Release Date: 14/01/2021

Author: Laurence Everitt

Splunk can onboard all data, so why do we need to discuss this?

Employing good data onboarding practices is essential to seeing a Splunk system work well. Wait, make that, “essential to seeing a Splunk system work”, period. Importantly, if a datasource is ingested with default configurations (i.e. throw the data at Splunk and get it to work it out), then Splunk will spend a lot of time and processing power guessing the right settings for each event AND THEN ingest the data.

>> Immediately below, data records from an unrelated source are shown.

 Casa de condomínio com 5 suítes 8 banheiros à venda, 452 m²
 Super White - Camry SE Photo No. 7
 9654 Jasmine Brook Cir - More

This is akin to me giving you individual sentences of several books in different languages to read, without providing the name of the book, language, the subject or even the symbol type to help you understand. As a good linguist, you may be able to make sense of the sentences and decipher the words, but it will take you time. If, instead, you are given the character set, the language, the subject and the name of the book, any adult can read it.

By setting up your sourcetypes correctly, you are changing Splunk from an experienced linguist who spends all of their time interpreting data (without understanding it) into any adult who is reading a book and getting value out of it!

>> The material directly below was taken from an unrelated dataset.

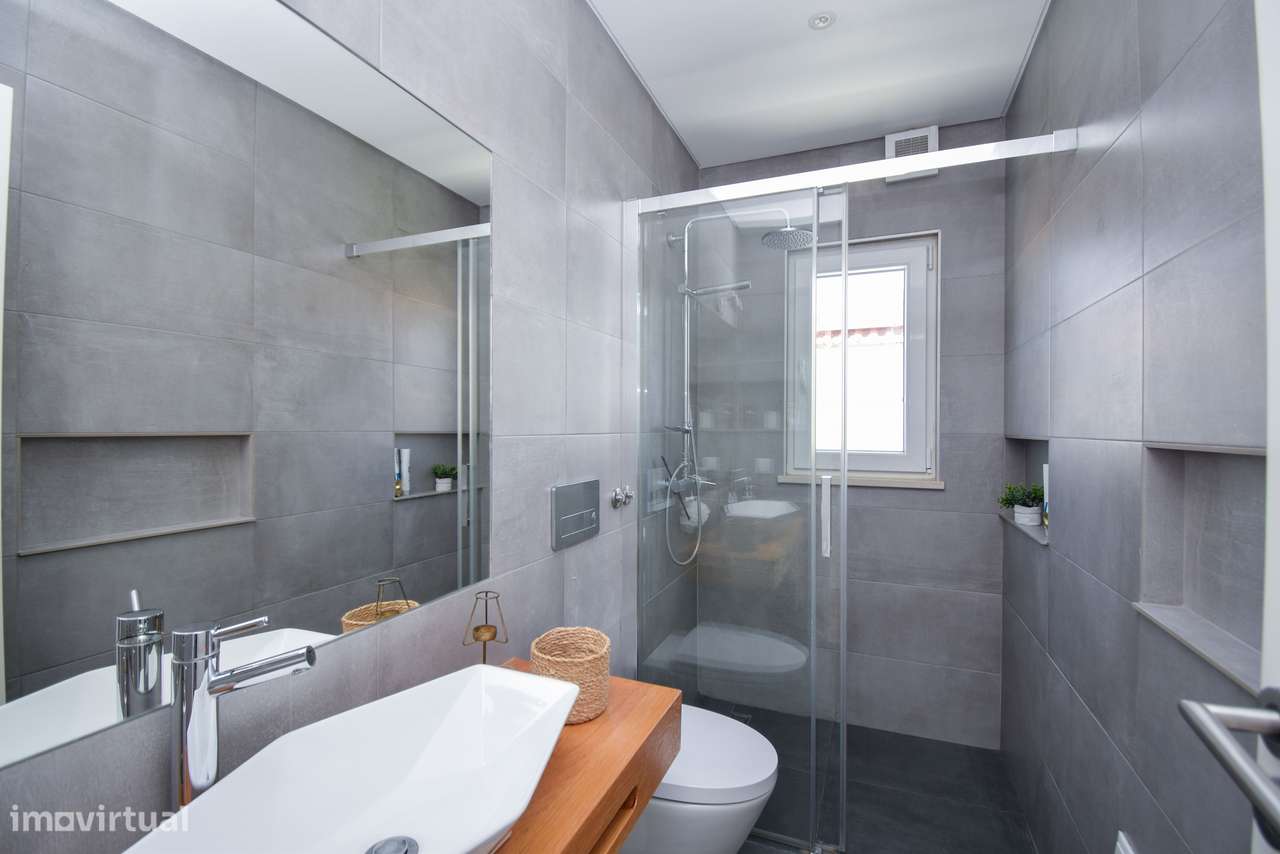 Moradia T4 com Piscina e Jardim em Alcabideche, Cascais-28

Splunk is set up with a configuration that is the lowest common denominator, so that most new data sources can be ingested without much input from a new user, as Splunk wants to provide an easy onboarding experience. Sadly, those settings can also be the undoing of a Splunk server when sent lots of data and so they need to be optimised. The following are some best practices for data onboarding.

Overall Picture

If you don’t know the overall picture, here is a good overview of the process for configuring event processing. When setting up a new data sourcetype, there are 8 main configurations that need to be set up in ALL cases, however, there may be other configurations that may need to be completed to fully configure the sourcetype. In this article, I will mostly talk about the “Splunk’s Great Eight”, as these save Splunk the most work when parsing events and sending data to indexers, but I will also include another 2 Optional Extras. The importance of these are as follows:

Splunks 'great eight' sourcetypes table

I can’t say this enough, if you don’t feel up to doing EVERYTHING in this document for all of your data sources and are thinking about picking and choosing which of these to do, ALWAYS configure Splunk’s Great Eight!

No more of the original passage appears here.